Would you retype exactly the lines from the one holding "Beachwash Men Sweater | Ginger" through the last line of the listing, and only those, without pictures?

INPUT FOR THIS TASK:
=== Begin Enclosure ===
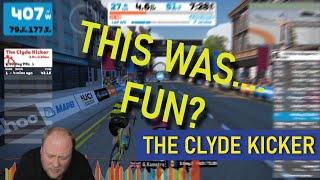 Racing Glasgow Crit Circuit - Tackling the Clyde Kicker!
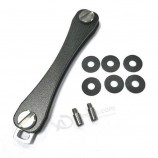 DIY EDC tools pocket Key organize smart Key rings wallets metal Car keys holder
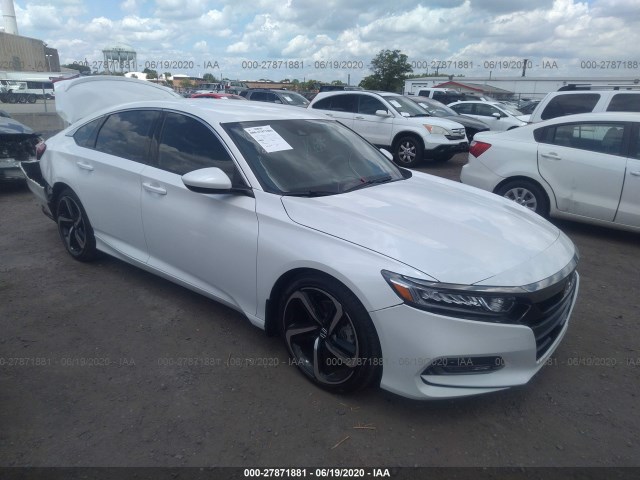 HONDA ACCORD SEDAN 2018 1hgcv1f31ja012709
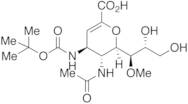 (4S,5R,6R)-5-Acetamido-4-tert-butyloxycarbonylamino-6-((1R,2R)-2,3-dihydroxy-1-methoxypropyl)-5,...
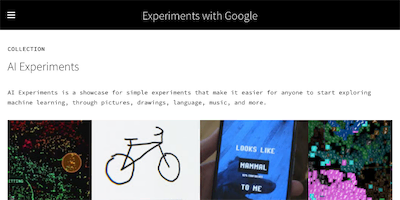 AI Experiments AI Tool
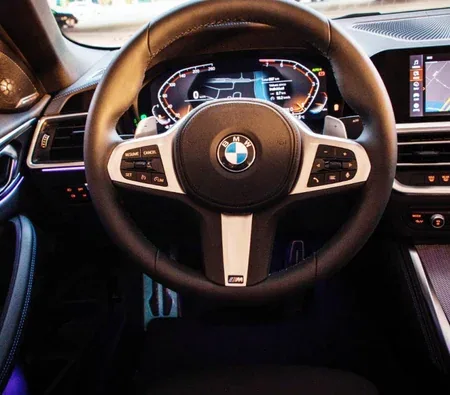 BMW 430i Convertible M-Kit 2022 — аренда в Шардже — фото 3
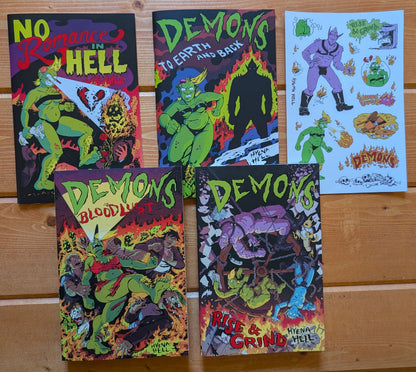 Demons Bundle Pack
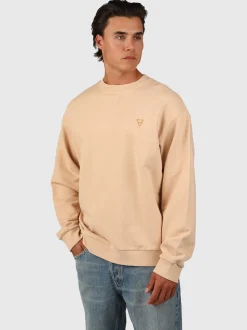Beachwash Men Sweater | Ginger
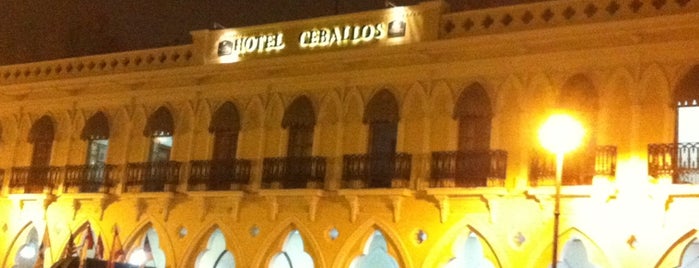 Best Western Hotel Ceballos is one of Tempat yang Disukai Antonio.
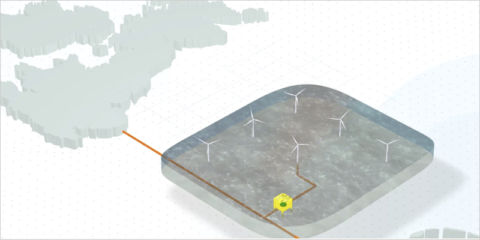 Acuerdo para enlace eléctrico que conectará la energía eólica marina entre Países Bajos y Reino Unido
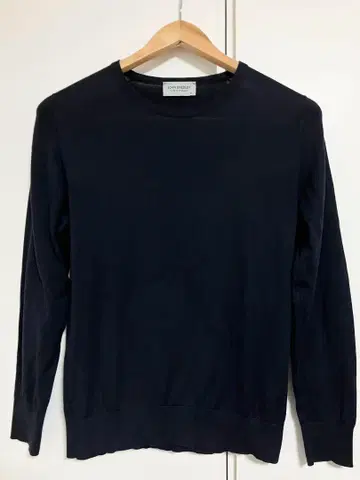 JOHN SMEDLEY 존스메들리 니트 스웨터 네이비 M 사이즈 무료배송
=== End Enclosure ===
TASK SOLUTION:
Beachwash Men Sweater | Ginger
 Best Western Hotel Ceballos is one of Tempat yang Disukai Antonio.
 Acuerdo para enlace eléctrico que conectará la energía eólica marina entre Países Bajos y Reino Unido
 JOHN SMEDLEY 존스메들리 니트 스웨터 네이비 M 사이즈 무료배송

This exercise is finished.